La fête de la Pentecôte a lieu une fois par année. Mais souvent, au fil des jours, les croyants pointent du doigt des événements, des paroles, des gestes comme autant d’interventions de l’Esprit. Tel discours inspirant se métamorphose en parole inspirée. Tel événement retentissant devient retentissement de l’Esprit. Tel geste signifiant se transforme en signe de l’Esprit.

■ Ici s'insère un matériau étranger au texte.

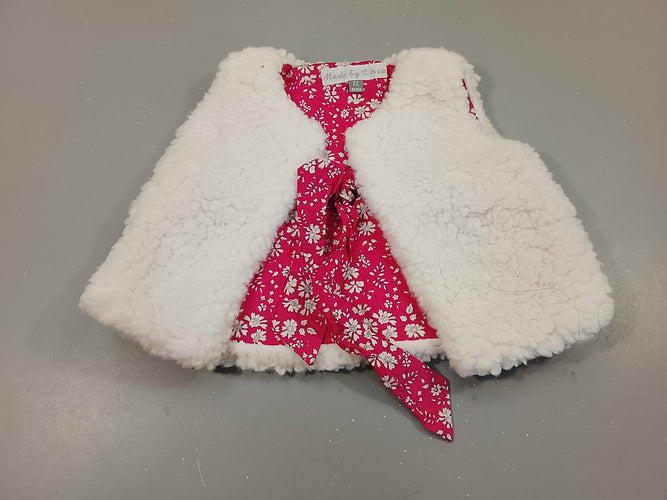 Neuf, gilet berger en teddy blanc réversible jersey rose fleurs blanches C&Cie, moins cher chez Petit Kiwi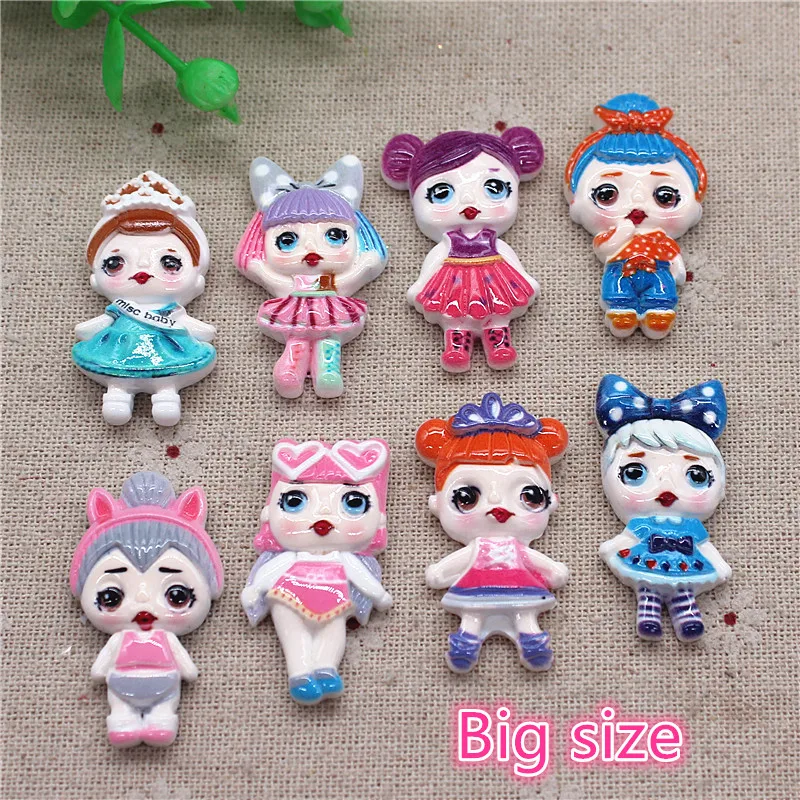 

10pcs New Mix Designs Kawaii Resin Big Girls Miniature Art Flatback Cabochon DIY Craft Scrapbooking,high about 37mm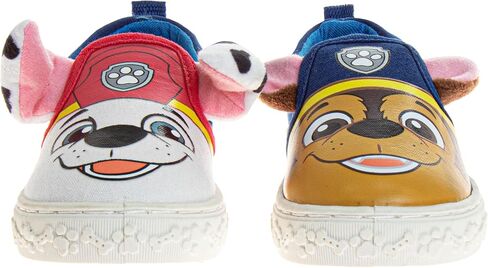 أحذية رياضية قماشية منخفضة من Paw Patrol للأولاد - حذاء Chase and Marshall Laceless Slipon منخفض من الأعلى للأطفال - أزرق/أحمر (الأطفال الصغار/الأطفال الصغار) in Saudi Arabia
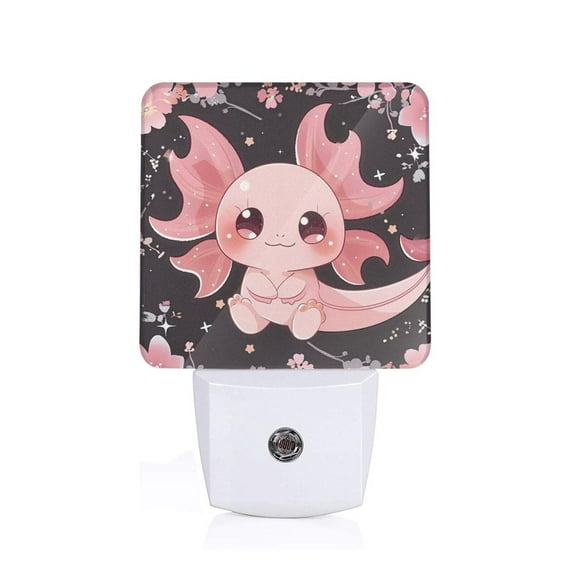 Balery Chibi Axolotl Sakura Fantasy Pattern LED Night Light with Automatic Sensor Plug in Night Light with Dusk-to-Dawn Light Sensor LED Nightlight 0.5W-UK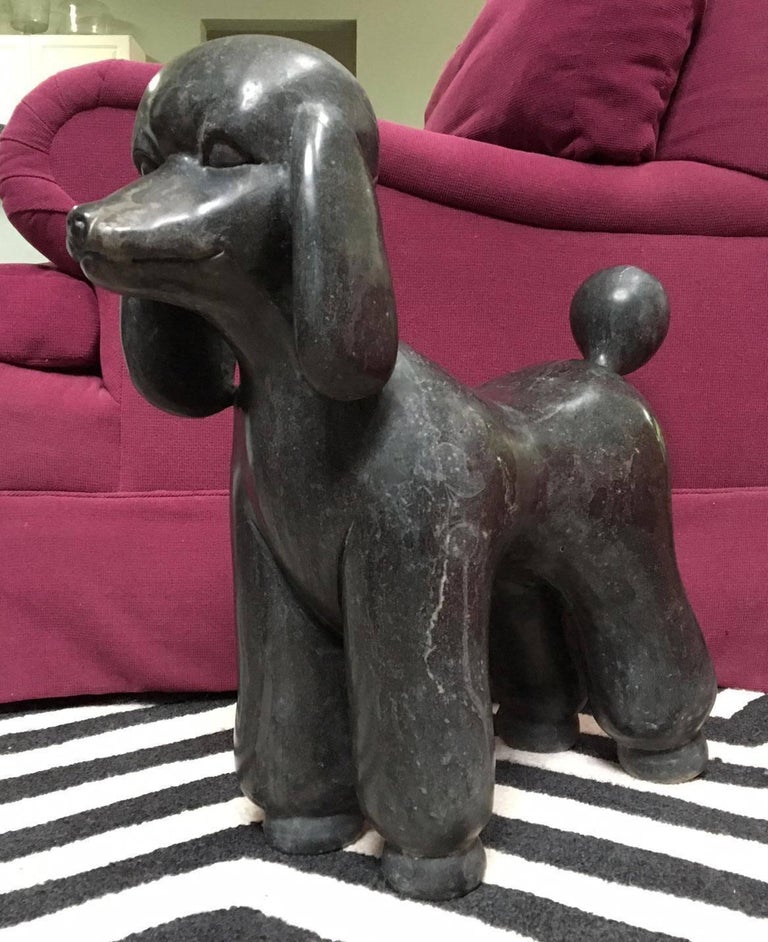 Large Italian Solid Marble Poodle Statues at 1stDibs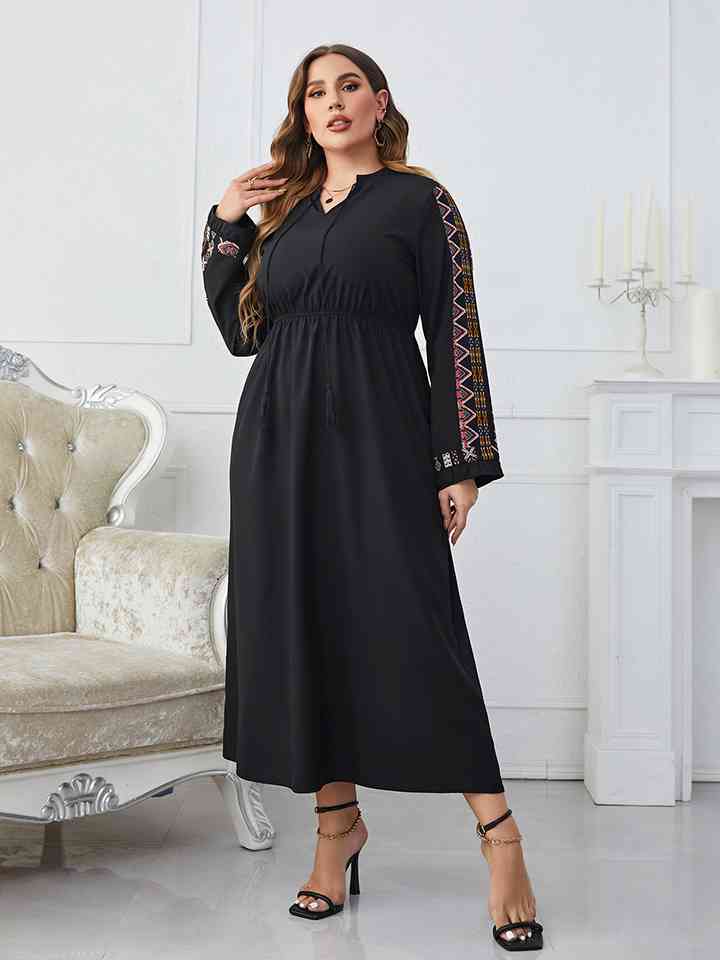 Plus Size Printed Long Sleeve Dress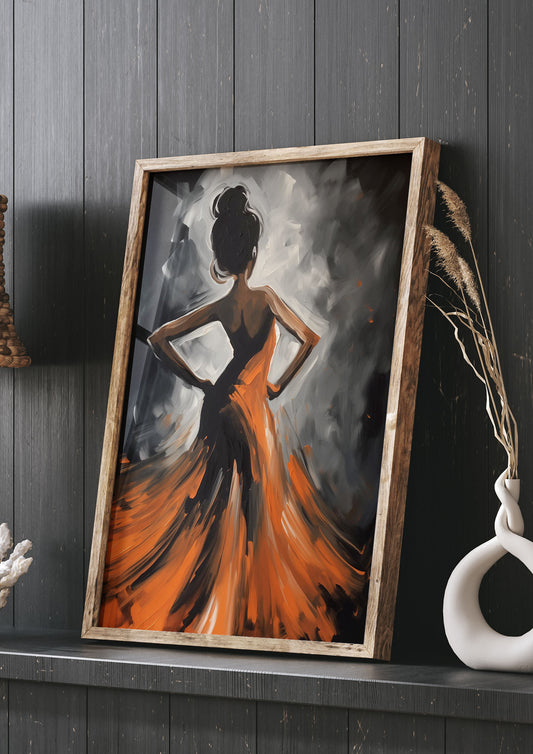 Vibrant Dual Tone Canvas with Womans Poise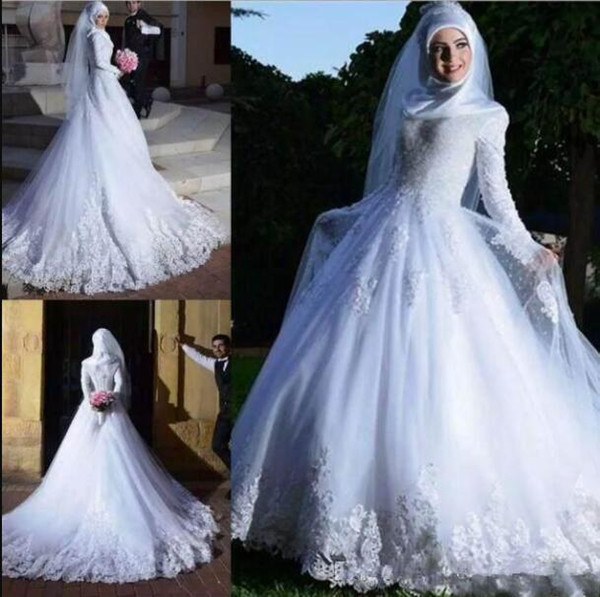 Muslim Wedding Dresses Long Sleeve Lace Applique tulle A line high neck Bridal Wedding Gowns Vestidos de novia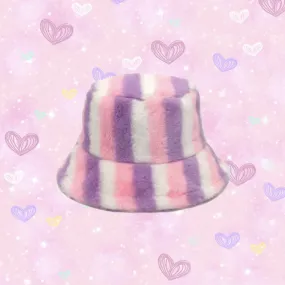 Fluffy Striped Bucket Hat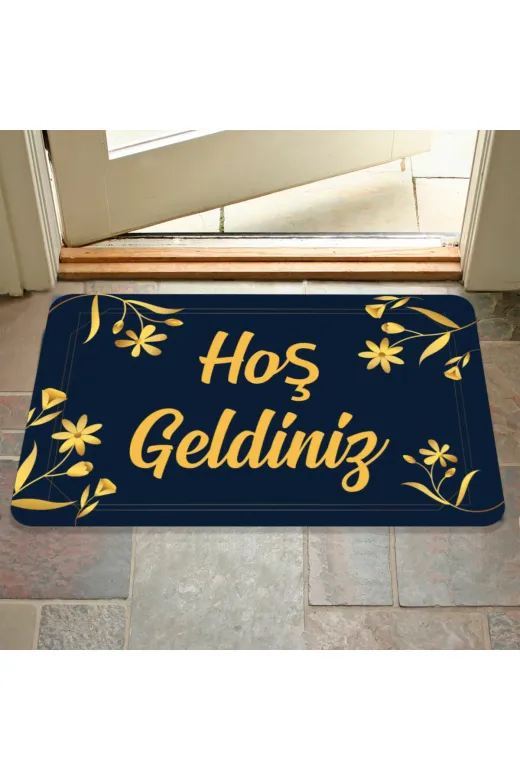 4455615ghgb44651001 Hoş Geldiniz Yazılır Dekoratif Dış Kapı Önü Ve Iç Mekan Paspası Yıkanabilir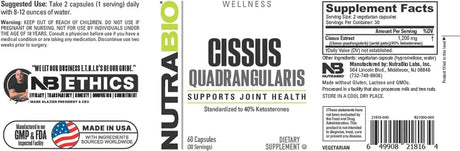 NUTRABIO - NutraBio Cissus Quadrangularis Extract 1200Mg. 60 Capsulas - The Red Vitamin MX - Suplementos Alimenticios - {{ shop.shopifyCountryName }}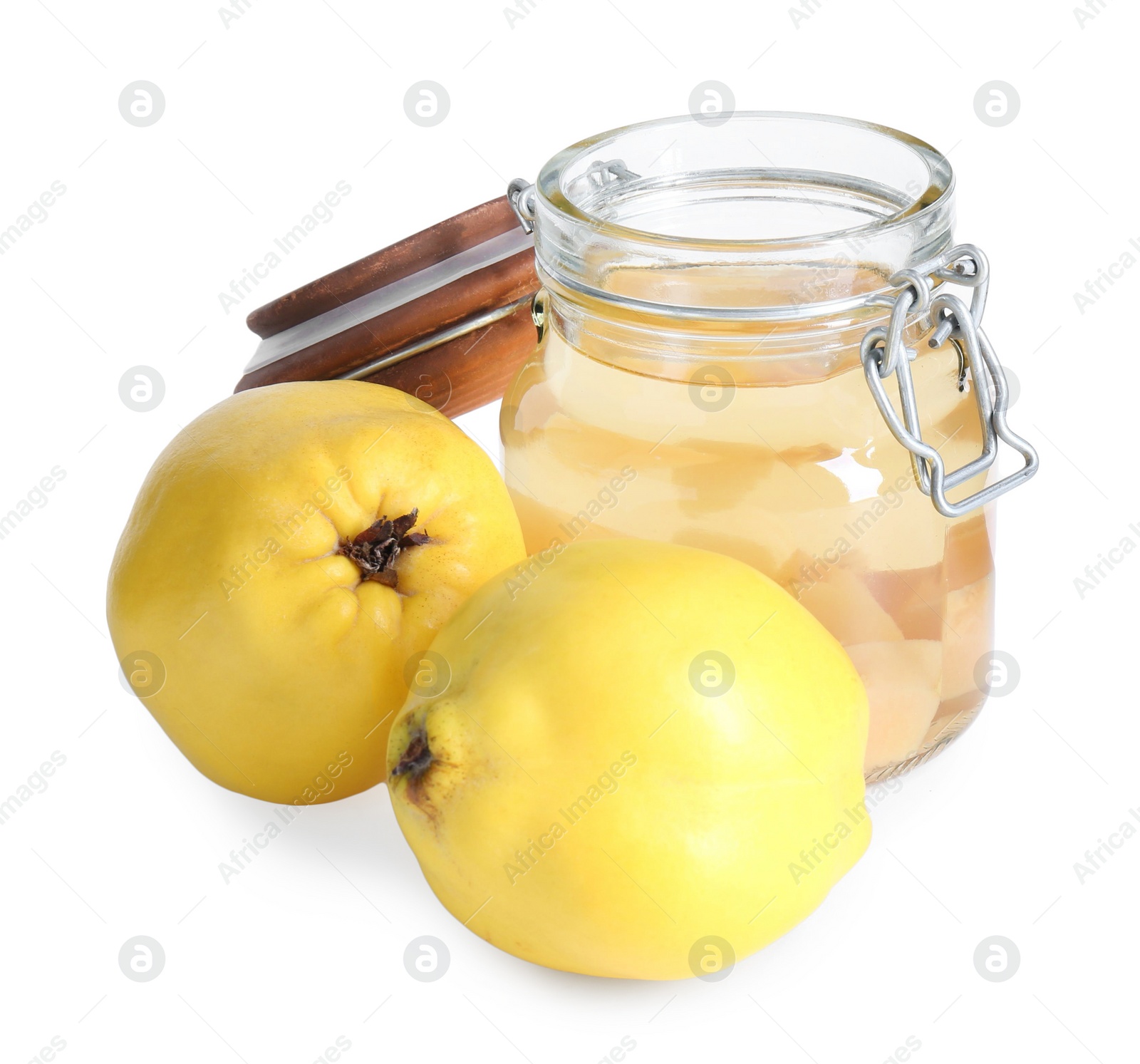 Photo of Delicious quince drink in glass jar and fresh fruits isolated on white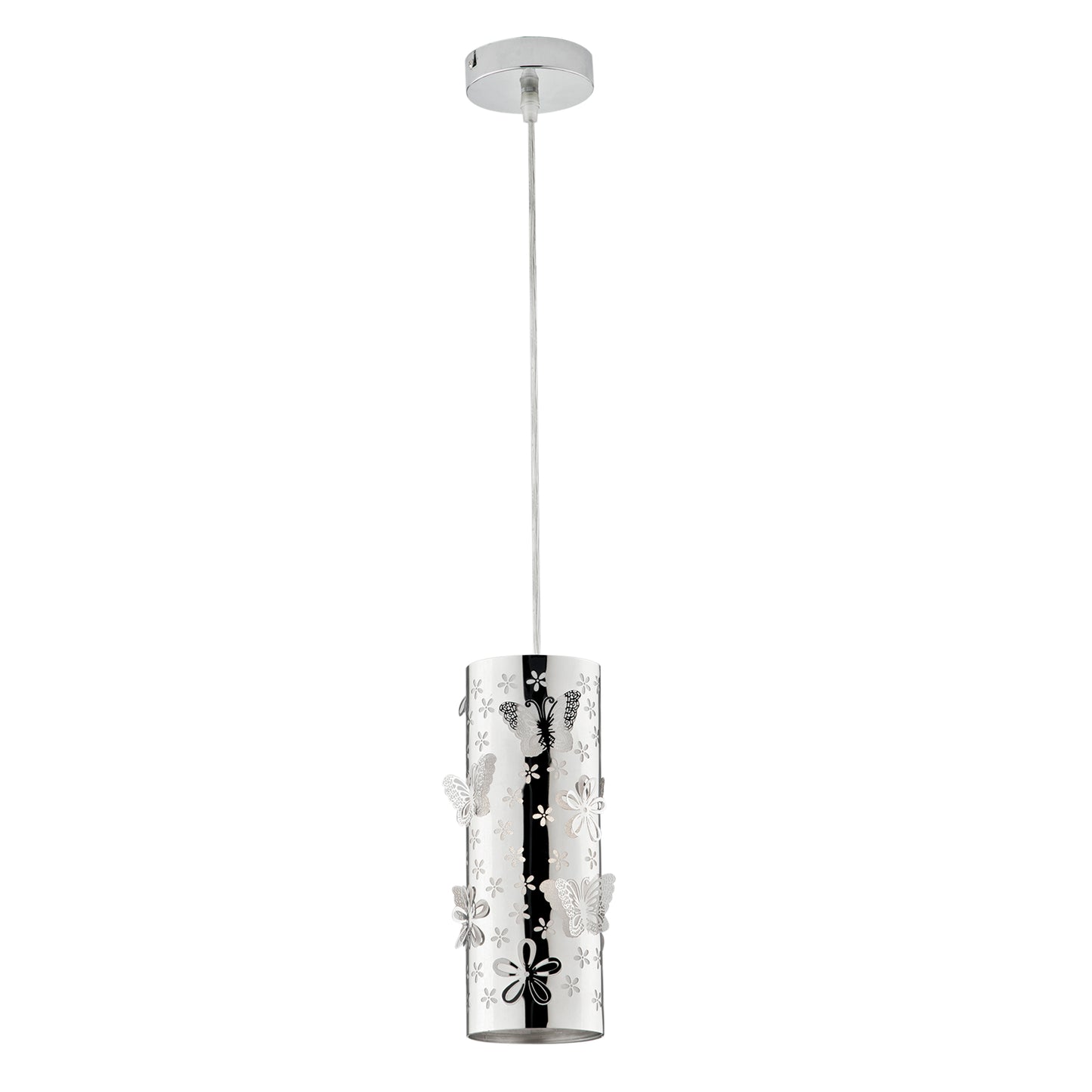 Sospensione BUTTERFLY in acciaio cromato con decorazione laser 10 cm.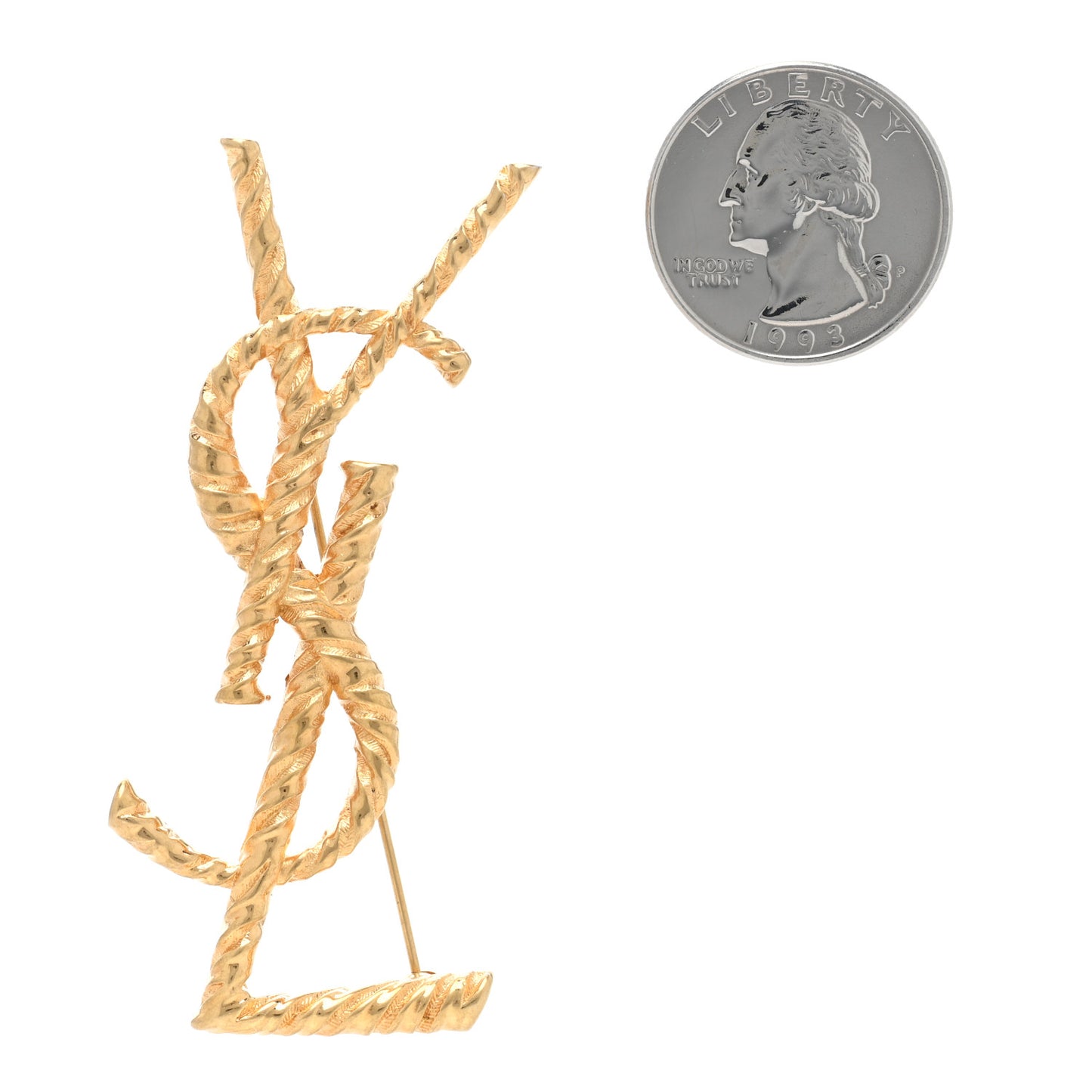 Brass Cassandre Opyum YSL Twisted Brooch Gold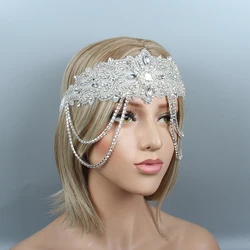 Hair accessories clips clear crystal applique women wedding feather headbands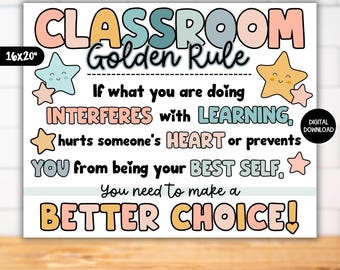 Calm Colors Classroom Golden Rule Poster, Elementary Class Rules Sign, Preschool Behavior Expectations Chart, Modern Classroom Decor Theme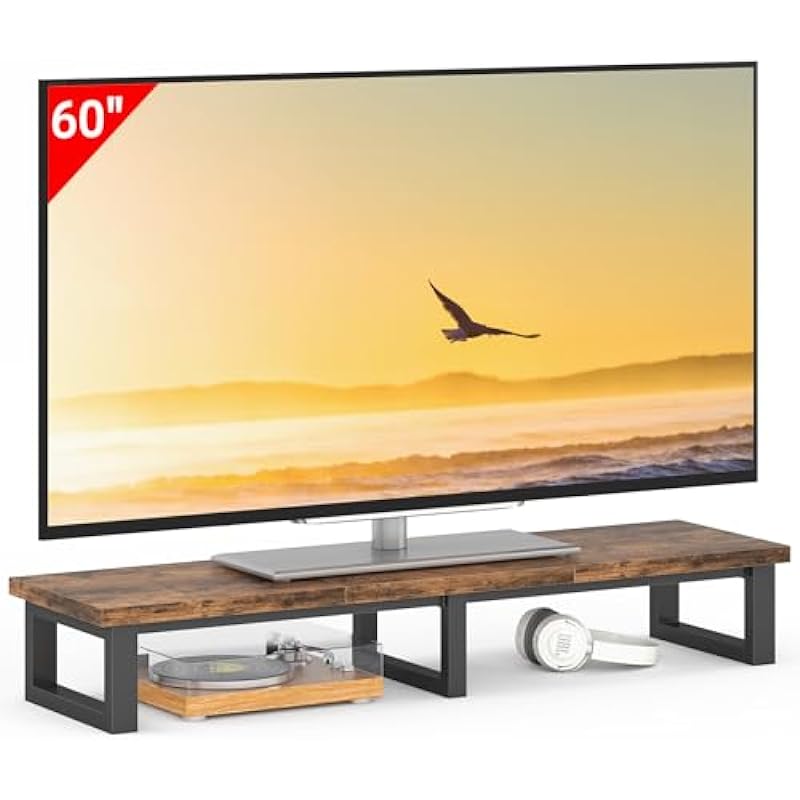 YAOHUOO 45″ Large TV Riser for 32-60 inch TV, TV Riser Stand Shelf with Steel Legs,Tabletop TV Stand Riser for Home Office,Rustic Brown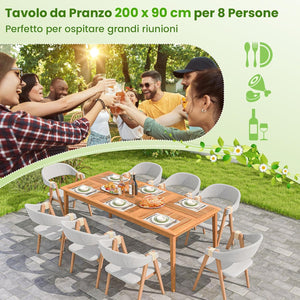 Tavolo Pranzo da Giardino a 8 Posti, Tavolo in Legno con Foro per Ombrellone 5 cm, per Giardino Patio Piscina, Portata 160 kg, 200 x 90 x 75 cm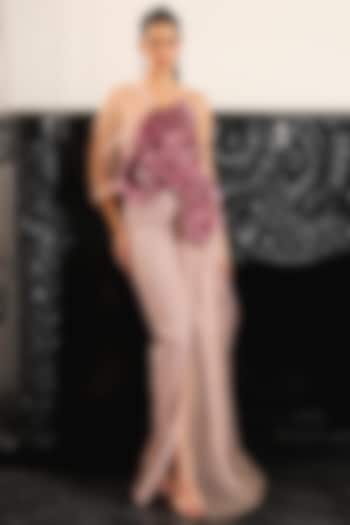 Primrose Pink Polyester & Taffeta One-Shoulder Wedding Gown by Supria Munjal at Pernia's Pop Up Shop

L’Esprit, pense-t-on, interviendrait toujours dans nos initiatives quand elles sont accompagnées de la prière. Telle réunion où les bonnes volontés se conjuguent parviendrait nécessairement à des décisions qui plaisent à l’Esprit. Certaines conditions, certains cadres garantiraient automatiquement la présence de l’Esprit. Permettez-moi d’en douter…
Souvent quand des actions ou des paroles nous plaisent, nous osons les attribuer à l’Esprit. Telle décision fait mon affaire: il y a sûrement là la marque de l’Esprit. Un projet prend-il l’orientation que j’ai rêvée, j’affirme sans sourciller que l’Esprit signe cette orientation. Je souhaite que l’Esprit intervienne dans toute entreprise que je veux réussir. La réussite sera même considérée comme une approbation de l’Esprit.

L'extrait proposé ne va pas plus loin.